We were given the liberty by the government to select the land out of several options. It was wonderful to be given a brief on a clean sheet of paper with no limitations, in 2007, except that we were told we had to finish the concept master plan in five weeks! We just went ahead and did it without the luxury of deliberations or definitions. We started with a list of ten ambitions before we put any design on paper, which led to the concept of the city.
Global versus local. Your take?
In a new city, it is easy not to have landfills, convert waste to energy, have low levels of emissions, save 30-50 percent of energy, minimise energy losses and improve the overall quality of life. Every situation will have a different solution, a different design. Every problem is local and so must solutions be. Learn from everywhere but why compare? In Los Angeles, which is a huge city, 62 percent of the area is devoted to transport. Do we need to copy that?
Unfortunately, we ask for benchmarks from around the world in this country. That’s the biggest problem. A city like Copenhagen is proud of ‘cycling to work’ but this will not work in an aspirational country like India where those who cycle want, and would rather have, a motorcycle or car instead. You can come back from a fancy car to a bicycle but you wouldn’t like to stay with the cycle. With GIFT, we created benchmarks rather than looking for one. GIFT is now being seen as a benchmark for another 100 cities that Prime Minister Narendra Modi has announced. GIFT is a great city but not a ‘smart city’; it’s not obsolete but it is old. It should not be benchmarked as a smart city.
Let’s talk about the India advantage..
The advantage of India is that smart cities and new cities will be built by the private sector as well, something that doesn’t happen in China where the government does not allow you in the infrastructure or city management play at all. You can build your building and that’s all. In India you can have a master developer with the liberty to do what fits best. I am an admirer of what happened in Greater Noida, which is one of the best-designed Indian cities, because of an authority that operated like a company with a chairman, a CEO and a board of directors with flexibility to do what they did. This kind of freedom is very rare in the world.

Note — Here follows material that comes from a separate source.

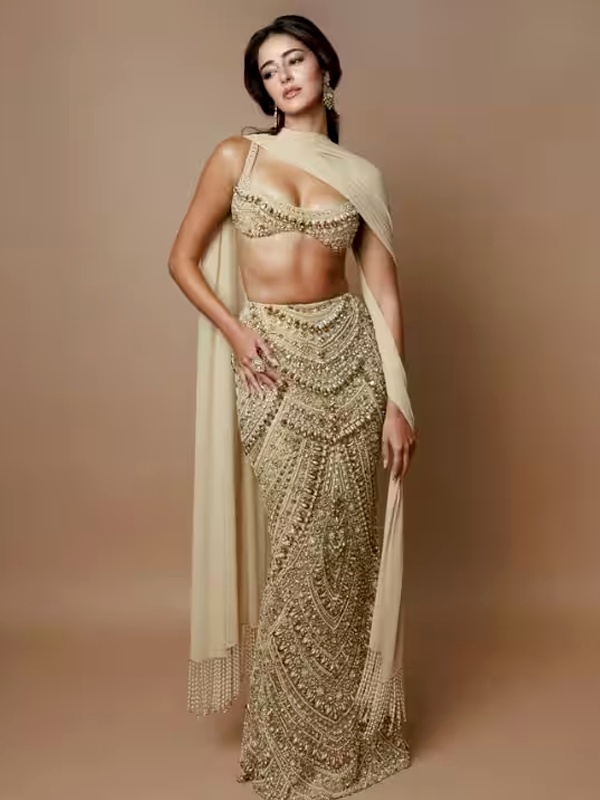Ananya Panday wearing beige embellished lehenga with bralette blouse and plain dupatta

You can’t build a city in most countries.
What are some of the things the government can do to provide an enabling environment?
I think Mr. Modi’s slogan – less government, more governance – is very appropriate. The government can adopt a transparent process of selecting an agency that will have full control over the implementation of the city plan and not get involved, except when it comes to guidelines and compliance issues. Give developers a negative list, not a list of what you think the city should look like. The government must get out of the business of building cities, especially if it wants private sector involvement.
It’s not a question of funding, we are an open field. Money will follow the opportunity. Building Indian cities is an opportunity unlike any other on the planet, the greatest in the history of mankind. China moved 100 million people. Here we have to move 500 million. India is only 10-15 percent built, so we have the opportunity to leapfrog the evolutionary process, an opportunity the West never had. We also have an advantage over China, being less built.
There is a saying in India – populate first and then plan. It’s a mistake we definitely need to avoid.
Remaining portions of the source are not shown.